Golf: World Cup Paul McGinley doesn't know why the merest whiff of team competition transforms his psyche on a golf course, or why it invigorates his play. But, for some reason, it does.
At the Ryder Cup in September, the Dubliner - again - was a rock-solid contributor to Europe's cause. Yet, as if to stress golf's fickle nature, his individual performances since then - 28th, 63rd, 41st - were woefully inadequate, and almost led him to despair. Until yesterday, that is.
Thrown back into team responsibility, and responding magnificently to the call, McGinley combined with Padraig Harrington to post a fourball score of 12-under-par 60 - both of them agonisingly missed birdie putts on the last to break golf's magical barrier - to share the lead with Austria after the first round of the World Cup at a benign Real Club de Golf de Sevilla.
For McGinley, especially, the day enabled him to revive his game.
"I've been so disappointed with my form since the Ryder Cup. I just lost my form. I lost the feeling on what I was doing on my swing, and I lost my focus," he explained. "For some reason, team events bring out the best in me and I'm annoyed that I can't play like this week in and week out. I don't know why it should be. I just can't put my finger on it, but I need to get to the bottom of it."

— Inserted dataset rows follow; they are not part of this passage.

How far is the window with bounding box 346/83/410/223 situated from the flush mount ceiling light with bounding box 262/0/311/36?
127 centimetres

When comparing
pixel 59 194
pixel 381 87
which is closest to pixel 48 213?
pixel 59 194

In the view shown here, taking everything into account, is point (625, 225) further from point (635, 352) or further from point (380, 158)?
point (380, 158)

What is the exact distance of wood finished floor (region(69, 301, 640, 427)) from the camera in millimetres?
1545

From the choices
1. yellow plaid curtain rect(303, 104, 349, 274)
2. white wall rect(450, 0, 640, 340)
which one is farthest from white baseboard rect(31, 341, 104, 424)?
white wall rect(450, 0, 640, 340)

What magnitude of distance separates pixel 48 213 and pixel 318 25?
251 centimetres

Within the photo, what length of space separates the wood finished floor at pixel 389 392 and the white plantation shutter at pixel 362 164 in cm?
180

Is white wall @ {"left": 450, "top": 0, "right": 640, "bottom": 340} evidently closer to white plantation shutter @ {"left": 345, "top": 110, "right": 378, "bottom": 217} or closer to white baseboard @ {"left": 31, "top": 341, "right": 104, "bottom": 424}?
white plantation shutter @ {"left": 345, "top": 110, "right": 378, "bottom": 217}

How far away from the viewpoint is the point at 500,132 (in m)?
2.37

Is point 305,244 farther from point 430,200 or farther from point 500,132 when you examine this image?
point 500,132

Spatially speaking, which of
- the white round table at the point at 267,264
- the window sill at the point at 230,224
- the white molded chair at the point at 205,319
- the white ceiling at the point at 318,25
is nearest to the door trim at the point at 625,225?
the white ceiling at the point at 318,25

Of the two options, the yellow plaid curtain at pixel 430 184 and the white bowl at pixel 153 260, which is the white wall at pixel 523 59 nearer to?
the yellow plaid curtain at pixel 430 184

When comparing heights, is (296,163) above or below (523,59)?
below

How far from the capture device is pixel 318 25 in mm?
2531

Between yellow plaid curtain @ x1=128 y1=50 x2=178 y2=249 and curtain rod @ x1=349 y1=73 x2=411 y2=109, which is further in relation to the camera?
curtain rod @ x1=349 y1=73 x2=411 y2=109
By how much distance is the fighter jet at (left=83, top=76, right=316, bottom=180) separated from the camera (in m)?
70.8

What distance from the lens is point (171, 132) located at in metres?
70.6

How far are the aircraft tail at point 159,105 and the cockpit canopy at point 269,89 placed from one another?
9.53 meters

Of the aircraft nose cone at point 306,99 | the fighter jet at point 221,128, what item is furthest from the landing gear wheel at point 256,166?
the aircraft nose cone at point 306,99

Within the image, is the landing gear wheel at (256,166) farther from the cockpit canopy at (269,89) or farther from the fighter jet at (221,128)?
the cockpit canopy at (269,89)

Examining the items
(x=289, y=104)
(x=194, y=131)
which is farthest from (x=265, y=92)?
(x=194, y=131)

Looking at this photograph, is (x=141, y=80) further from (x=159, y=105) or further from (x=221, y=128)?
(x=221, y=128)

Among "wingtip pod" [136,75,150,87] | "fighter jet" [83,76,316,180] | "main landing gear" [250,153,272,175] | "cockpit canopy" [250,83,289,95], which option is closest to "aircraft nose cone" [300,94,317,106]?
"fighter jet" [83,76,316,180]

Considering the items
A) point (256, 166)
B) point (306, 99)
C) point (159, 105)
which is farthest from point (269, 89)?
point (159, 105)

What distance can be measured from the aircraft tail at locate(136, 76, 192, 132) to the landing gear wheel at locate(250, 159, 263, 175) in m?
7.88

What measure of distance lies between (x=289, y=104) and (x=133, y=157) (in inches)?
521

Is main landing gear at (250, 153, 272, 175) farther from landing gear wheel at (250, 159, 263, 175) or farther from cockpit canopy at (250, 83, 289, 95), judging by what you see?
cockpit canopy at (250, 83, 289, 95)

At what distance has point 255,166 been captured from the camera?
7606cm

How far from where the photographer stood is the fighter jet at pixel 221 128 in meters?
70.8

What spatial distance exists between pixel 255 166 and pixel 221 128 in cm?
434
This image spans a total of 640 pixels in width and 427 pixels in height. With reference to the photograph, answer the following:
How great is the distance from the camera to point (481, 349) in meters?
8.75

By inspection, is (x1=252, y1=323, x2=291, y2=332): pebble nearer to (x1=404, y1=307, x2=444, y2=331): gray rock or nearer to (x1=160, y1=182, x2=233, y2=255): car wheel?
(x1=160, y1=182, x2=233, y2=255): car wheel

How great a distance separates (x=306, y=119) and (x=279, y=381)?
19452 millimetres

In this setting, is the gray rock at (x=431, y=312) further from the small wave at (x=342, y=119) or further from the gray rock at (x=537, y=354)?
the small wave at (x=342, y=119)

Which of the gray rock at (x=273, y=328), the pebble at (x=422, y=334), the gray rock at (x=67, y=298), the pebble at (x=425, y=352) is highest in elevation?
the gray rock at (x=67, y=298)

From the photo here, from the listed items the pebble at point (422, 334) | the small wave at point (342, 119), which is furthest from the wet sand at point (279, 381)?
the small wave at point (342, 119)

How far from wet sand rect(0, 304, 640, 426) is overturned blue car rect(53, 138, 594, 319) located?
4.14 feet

The key, it would seem, is to play all tournaments as if they were team events. Yesterday, for certain, McGinley could do little wrong. On the couple of occasions that he did err, McGinley extricated himself spectacularly from trouble: twice he holed-out with bunker shots. The first time was at the second, where he holed from a greenside bunker for a birdie that was the catalyst for a run of four successive birdies, and he repeated the feat on the 13th, in this instance for an eagle.
McGinley and Harrington dove-tailed quite beautifully. On each tee, just as they have done since they won the World Cup at Kiawah Island in 1997, McGinley hit first.
"Paul's a good, solid hitter and hits a lot of fairways. Obviously, it's a lot easier for me when I see them down the middle," said Harrington of a strategy that worked extremely well.
Unlike many partnerships who conduct the minimum amount of talking on the golf course, the two Dubliners prefer to discuss, as McGinley put it, "all type of crap" on the way around the course. So it was that the discussion heading down the first fairway was of the previous night's soccer international between Spain and England and, in between the talks, the pair produced superb golf.
On only one occasion, where McGinley was faced with an eagle putt on the 16th after he had played a brilliant three-wood approach shot of 258 yards over water to the green, did he actually ask his partner for a read.
Ironically, he missed the putt, the ball falling away at the last moment.
Of that strategy not to seek advice too frequently, McGinley observed: "We've made the mistake before of having the two of us and the two caddies involved in reading putts and you get paralysis-by-analysis from having four different opinions. I think it's very important that even though it's a team sport that you continue playing individually, because that's what we're so used to doing week in and week out."
In the main, the strategy worked wonderfully; and the birdies came thick and fast, kick-started by the holed-out bunker shot on the second where McGinley used a sandwedge rather than a lobwedge so that the ball would run at the hole.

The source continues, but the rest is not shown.